Lyndersay: Where’s Brian? A review of 501 Not Out

“[501 Not Out is] a romantic reminiscence of the closing of a golden era in West Indies cricket, a sparkling reminder of the power of the region’s cricketers and the stunning individual achievement of [Brian] Lara at the wicket.

“It’s also an odd little film, one that focuses almost determinedly on Lara’s rise, treating the hiccups that might have derailed his career as little more than speedbumps on the way to an inevitable success…”
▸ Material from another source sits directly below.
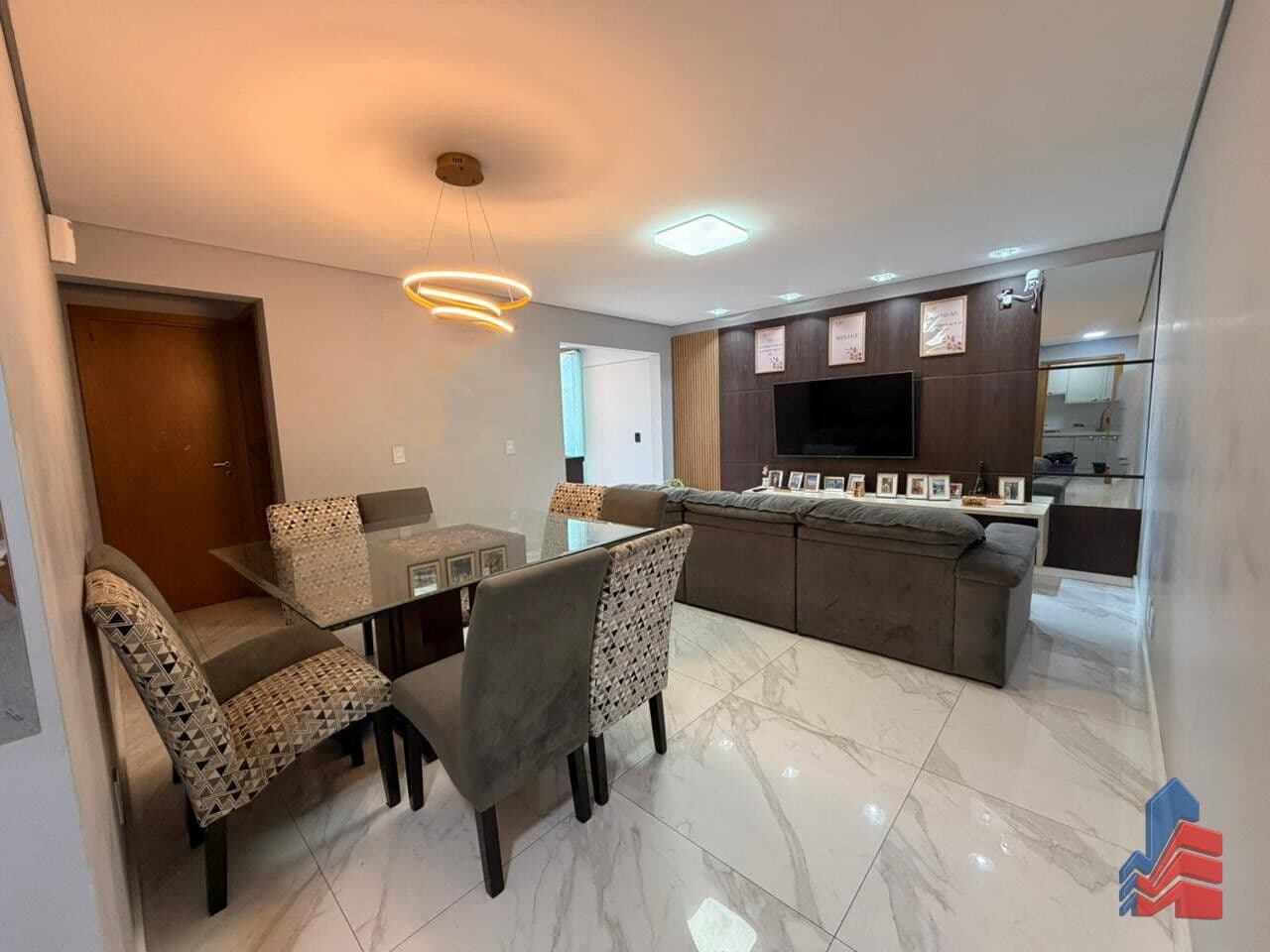 Apartamento à Venda | 78 m² | Condomínio Reserva Mayor Bosque Residencial | Jardim Nova Taboão | Guarulhos | SP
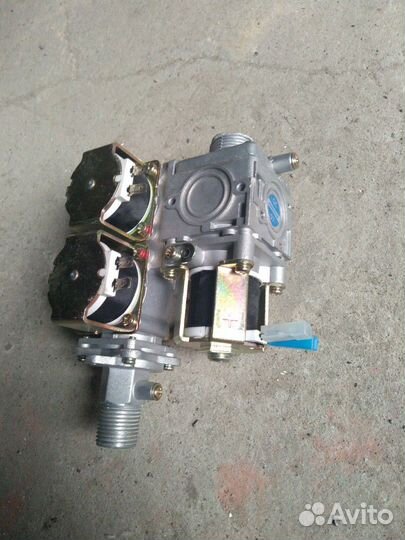 Газовый клапан б/у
The following review of 501 Not Out, a film on iconic cricketer Brian Charles Lara by British documentary filmmaker Sam Lockyer, was submitted to Wired868 by Mark Lyndersay, who is the editor of technewstt.com:

Photo: Brian Lara poses in front of the scoreboard after his first class record 501 not out for Warwickshire.
(via ESPN)

The Trinidad and Tobago Film Festival (ttff) led off its online 15th anniversary edition with the film 501 Not Out, a documentary by Sam Lockyer.


Lockyer is a British documentary filmmaker and fan of cricketing icon Brian Charles Lara who remains gobsmacked by the twin highlights of Lara’s career—his knock of 375 in Test cricket and 501 in first-class cricket.

In a statement before the airing of the film, Lockyer said: “I hope that 501 not out is a fitting tribute to the legacy of Brian Charles Lara.”

That pretty much sets the tone of the film, a romantic reminiscence of the closing of a golden era in West Indies cricket, a sparkling reminder of the power of the region’s cricketers and the stunning individual achievement of Lara at the wicket.

It’s also an odd little film, one that focuses almost determinedly on Lara’s rise, treating the hiccups that might have derailed his career as little more than speedbumps on the way to an inevitable success.

Photo: England players give West Indies captain Brian Lara a honour guard as he walks to the crease during the Super-Eight ICC World Cup cricket match at the Kensington Oval in Bridgetown, Barbados on 21 April 2007.
Lara is playing his last international cricket match.
(Copyright AFP 2017/Adrian Dennis)

In Trinidad, the story is largely told by his cricketing elders. His coach at Fatima College, Harry Ramdass, who still marvels at Lara’s prowess as a batsman, Deryck Murray, Bryan Davis, Nikki Borde of the raucous TriniPosse cheerleading squad and football coach Colin Murray.

There are touches of the humanity that must have been in play to support Lara in the wistful reminiscing of Michael Carew, son of Joey Carew who offered his home to the young cricketer to ensure that his training wasn’t disrupted by exhausting travel back and forth.

To be sure, there is something of the supernatural to Lara’s meteoric rise as a cricketer.

His school coach remembers him as barely being taller than the stumps when he began making his presence felt at the wicket.


“He started scoring hundreds at 14, that’s where he started,” recalled Colin Murray.

“His cricket was so much more advanced than others at his age,” Deryck Murray said.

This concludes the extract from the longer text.